▸ WHAT IS REQUIRED
In the entries below, find the line with "Jeffrey Scott Young" and the line with "756 W Moore Ave, Gilbert, AZ 85233 photo 5". Reproduce those two lines and every line between them exactly, and nothing more.

▸ RECORDS SUPPLIED
════════
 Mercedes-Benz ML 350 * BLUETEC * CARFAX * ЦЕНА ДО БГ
════════
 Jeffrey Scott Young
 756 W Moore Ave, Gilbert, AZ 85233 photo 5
════════
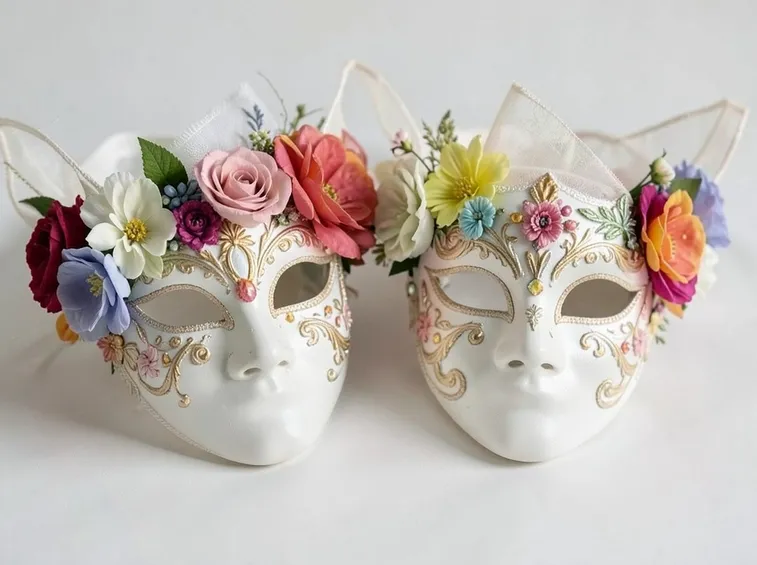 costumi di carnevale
════════
▸ ANSWER TO THIS PROBLEM
 Jeffrey Scott Young
 756 W Moore Ave, Gilbert, AZ 85233 photo 5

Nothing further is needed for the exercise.